To do: The answer must be the full data, restated word for word, with no pictures in it.

Top of Dataset section

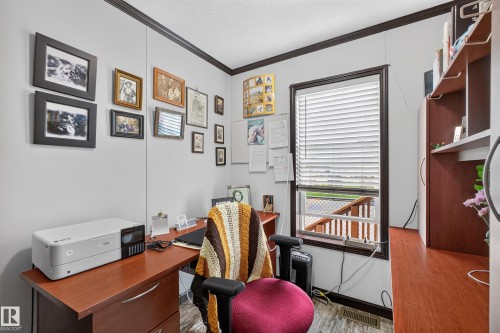 Functional office space featuring wood-finish desk with drawer storage, dark wood-finish trim, and a window with horizontal blinds - 4204 47 Street, Wetaskiwin, AB - Indoor Photo Showing Other Room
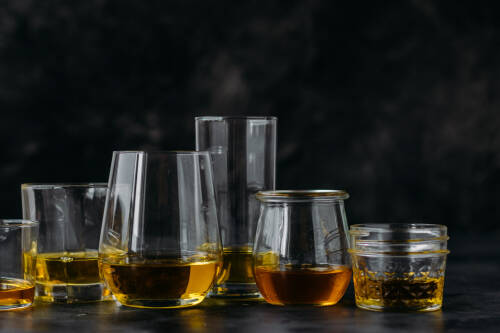 Verschiedene Öle in Gläsern vor dunklem Hintergrund.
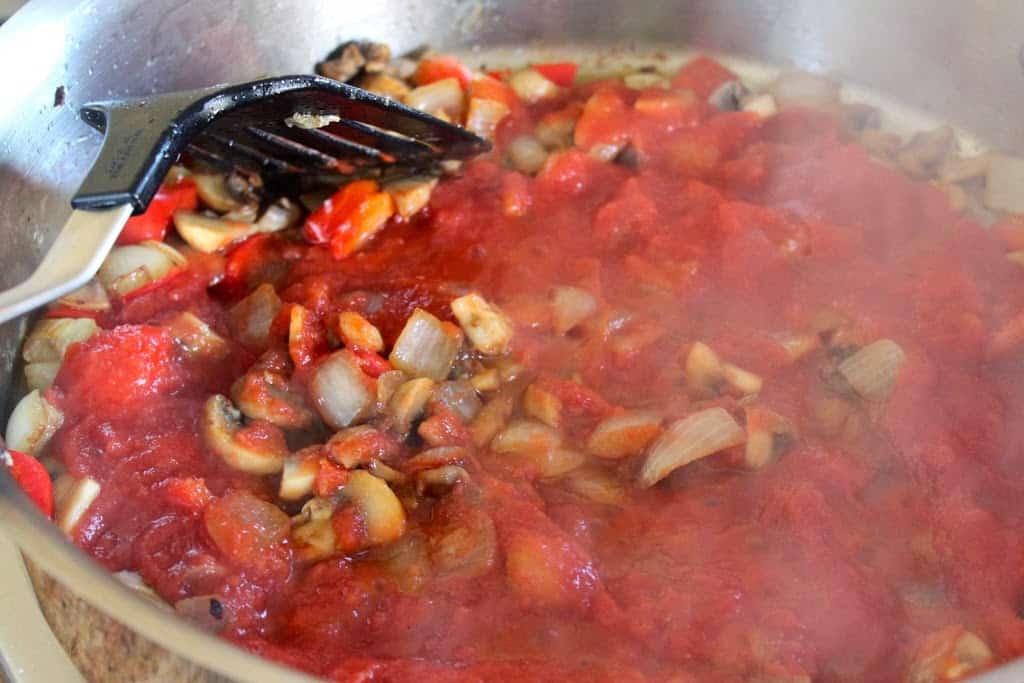 adding tomato puree to pan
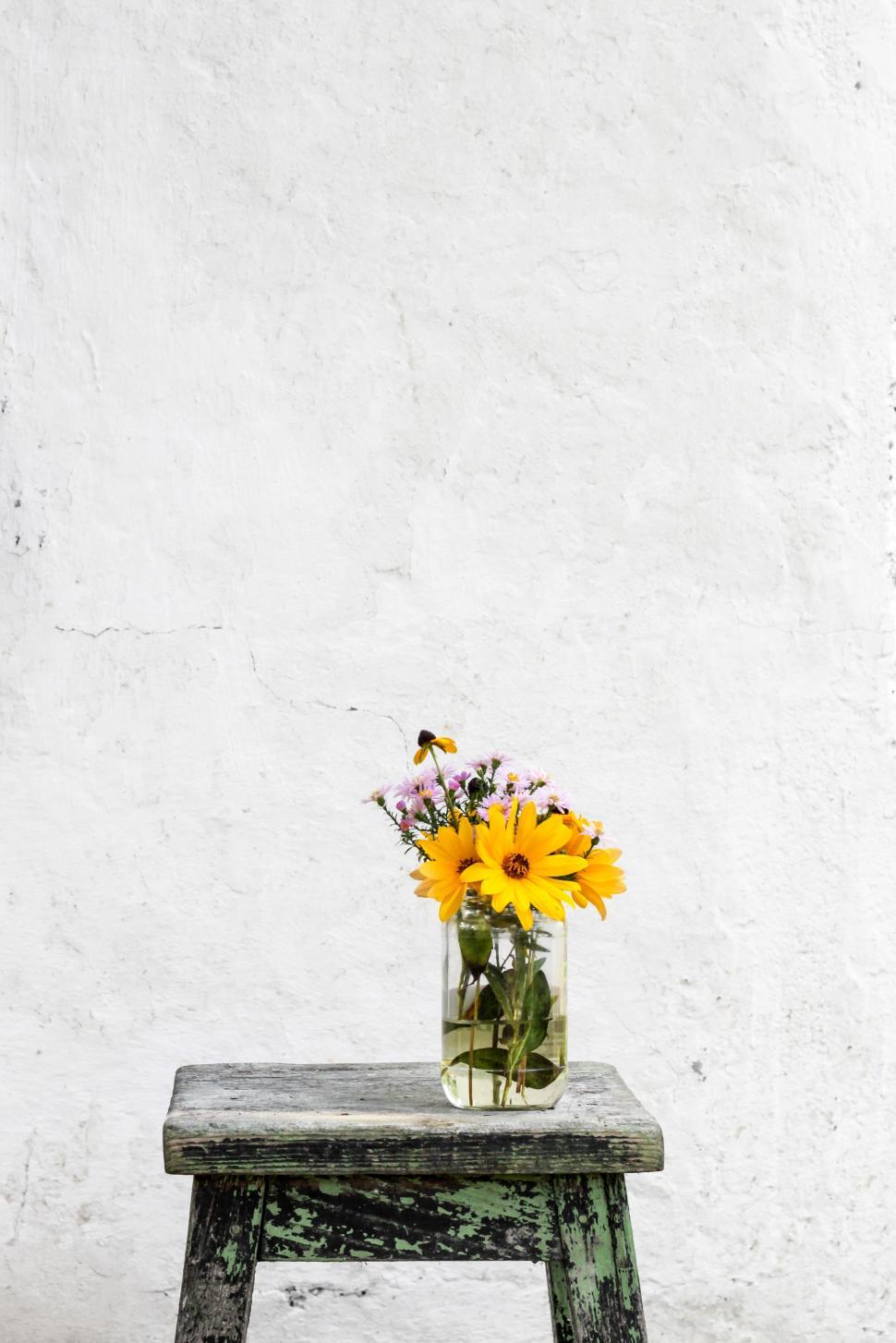 Free Image of Wooden Bench With Vase of Flowers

Bottom of Dataset section

Task result:
 Functional office space featuring wood-finish desk with drawer storage, dark wood-finish trim, and a window with horizontal blinds - 4204 47 Street, Wetaskiwin, AB - Indoor Photo Showing Other Room
 Verschiedene Öle in Gläsern vor dunklem Hintergrund.
 adding tomato puree to pan
 Free Image of Wooden Bench With Vase of Flowers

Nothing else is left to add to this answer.